■ Collected data entries
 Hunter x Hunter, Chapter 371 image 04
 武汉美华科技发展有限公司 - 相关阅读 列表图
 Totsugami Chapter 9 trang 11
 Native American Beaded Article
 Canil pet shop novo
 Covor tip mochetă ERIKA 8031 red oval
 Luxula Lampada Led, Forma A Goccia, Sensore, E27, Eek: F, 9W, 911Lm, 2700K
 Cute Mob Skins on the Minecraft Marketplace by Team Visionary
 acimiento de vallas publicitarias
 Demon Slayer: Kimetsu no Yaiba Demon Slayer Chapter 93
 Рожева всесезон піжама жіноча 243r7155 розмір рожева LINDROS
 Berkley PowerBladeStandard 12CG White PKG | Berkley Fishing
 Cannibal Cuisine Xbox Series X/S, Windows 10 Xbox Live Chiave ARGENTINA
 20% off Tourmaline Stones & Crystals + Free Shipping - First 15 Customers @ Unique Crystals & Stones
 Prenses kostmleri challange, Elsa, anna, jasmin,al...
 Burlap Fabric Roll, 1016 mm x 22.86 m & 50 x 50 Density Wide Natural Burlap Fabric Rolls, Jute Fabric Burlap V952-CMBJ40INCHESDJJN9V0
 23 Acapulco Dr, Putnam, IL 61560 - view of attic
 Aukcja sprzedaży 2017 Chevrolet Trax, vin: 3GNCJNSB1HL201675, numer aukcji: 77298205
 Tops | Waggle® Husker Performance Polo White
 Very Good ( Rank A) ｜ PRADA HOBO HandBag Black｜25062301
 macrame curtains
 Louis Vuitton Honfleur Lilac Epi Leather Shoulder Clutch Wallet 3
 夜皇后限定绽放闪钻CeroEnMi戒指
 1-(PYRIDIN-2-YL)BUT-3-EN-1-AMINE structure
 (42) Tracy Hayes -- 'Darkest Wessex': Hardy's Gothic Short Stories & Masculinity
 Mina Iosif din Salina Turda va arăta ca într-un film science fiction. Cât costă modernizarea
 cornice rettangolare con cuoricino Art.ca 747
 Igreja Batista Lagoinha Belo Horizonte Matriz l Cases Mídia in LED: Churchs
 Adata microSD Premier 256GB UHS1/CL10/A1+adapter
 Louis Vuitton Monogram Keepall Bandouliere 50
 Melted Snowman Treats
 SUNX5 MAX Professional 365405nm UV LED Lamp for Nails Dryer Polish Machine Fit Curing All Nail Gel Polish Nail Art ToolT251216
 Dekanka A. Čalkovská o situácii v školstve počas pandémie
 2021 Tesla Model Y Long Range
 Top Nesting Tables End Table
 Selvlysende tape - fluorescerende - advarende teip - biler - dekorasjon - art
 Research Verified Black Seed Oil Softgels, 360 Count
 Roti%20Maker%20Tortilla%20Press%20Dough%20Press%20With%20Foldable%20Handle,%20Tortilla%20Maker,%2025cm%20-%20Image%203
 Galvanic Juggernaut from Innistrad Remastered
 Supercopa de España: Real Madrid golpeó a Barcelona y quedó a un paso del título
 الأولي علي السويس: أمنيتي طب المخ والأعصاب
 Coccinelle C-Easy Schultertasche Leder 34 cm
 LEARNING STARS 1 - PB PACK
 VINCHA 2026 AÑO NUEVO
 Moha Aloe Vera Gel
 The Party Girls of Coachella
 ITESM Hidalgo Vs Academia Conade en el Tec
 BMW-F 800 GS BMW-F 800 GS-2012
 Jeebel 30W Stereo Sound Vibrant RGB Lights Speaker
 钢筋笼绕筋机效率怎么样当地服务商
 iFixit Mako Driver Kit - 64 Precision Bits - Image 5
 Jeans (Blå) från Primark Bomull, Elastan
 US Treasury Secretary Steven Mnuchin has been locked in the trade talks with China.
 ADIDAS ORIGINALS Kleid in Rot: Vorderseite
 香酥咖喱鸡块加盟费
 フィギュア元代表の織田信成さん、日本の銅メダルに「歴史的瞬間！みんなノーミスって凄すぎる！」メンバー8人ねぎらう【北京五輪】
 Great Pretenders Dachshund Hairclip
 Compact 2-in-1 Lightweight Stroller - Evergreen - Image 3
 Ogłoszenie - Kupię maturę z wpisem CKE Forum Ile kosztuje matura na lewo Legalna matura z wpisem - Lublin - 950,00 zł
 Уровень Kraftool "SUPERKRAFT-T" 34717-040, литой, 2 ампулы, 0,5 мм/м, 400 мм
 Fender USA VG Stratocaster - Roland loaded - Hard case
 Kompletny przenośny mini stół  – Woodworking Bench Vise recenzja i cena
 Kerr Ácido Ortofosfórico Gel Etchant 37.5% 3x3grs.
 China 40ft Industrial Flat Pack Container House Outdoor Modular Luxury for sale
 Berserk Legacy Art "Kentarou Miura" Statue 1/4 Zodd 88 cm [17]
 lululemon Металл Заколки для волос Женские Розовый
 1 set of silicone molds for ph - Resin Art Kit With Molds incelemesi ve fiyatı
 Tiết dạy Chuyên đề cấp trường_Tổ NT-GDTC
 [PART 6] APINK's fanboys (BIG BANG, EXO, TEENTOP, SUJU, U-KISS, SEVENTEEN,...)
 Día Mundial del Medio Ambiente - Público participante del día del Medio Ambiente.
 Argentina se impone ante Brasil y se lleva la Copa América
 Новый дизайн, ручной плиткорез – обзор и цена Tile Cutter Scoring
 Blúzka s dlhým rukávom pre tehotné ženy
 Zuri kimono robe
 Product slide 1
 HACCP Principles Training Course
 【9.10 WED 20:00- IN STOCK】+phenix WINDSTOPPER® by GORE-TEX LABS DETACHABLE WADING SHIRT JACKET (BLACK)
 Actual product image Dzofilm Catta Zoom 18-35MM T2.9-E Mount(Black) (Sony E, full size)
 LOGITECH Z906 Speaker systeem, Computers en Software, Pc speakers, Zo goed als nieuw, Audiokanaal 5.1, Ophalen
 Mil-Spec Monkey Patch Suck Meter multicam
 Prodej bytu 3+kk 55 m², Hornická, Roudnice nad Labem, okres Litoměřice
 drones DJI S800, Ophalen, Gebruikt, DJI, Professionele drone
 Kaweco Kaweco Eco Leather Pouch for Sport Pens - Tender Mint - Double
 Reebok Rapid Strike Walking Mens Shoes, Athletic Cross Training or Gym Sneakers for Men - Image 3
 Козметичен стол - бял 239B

■ WORK ITEM
Above are some lines. Repeat exactly, and only, those from the line that has "1-(PYRIDIN-2-YL)BUT-3-EN-1-AMINE structure" through the line that has "Melted Snowman Treats".

■ TASK OUTPUT
 1-(PYRIDIN-2-YL)BUT-3-EN-1-AMINE structure
 (42) Tracy Hayes -- 'Darkest Wessex': Hardy's Gothic Short Stories & Masculinity
 Mina Iosif din Salina Turda va arăta ca într-un film science fiction. Cât costă modernizarea
 cornice rettangolare con cuoricino Art.ca 747
 Igreja Batista Lagoinha Belo Horizonte Matriz l Cases Mídia in LED: Churchs
 Adata microSD Premier 256GB UHS1/CL10/A1+adapter
 Louis Vuitton Monogram Keepall Bandouliere 50
 Melted Snowman Treats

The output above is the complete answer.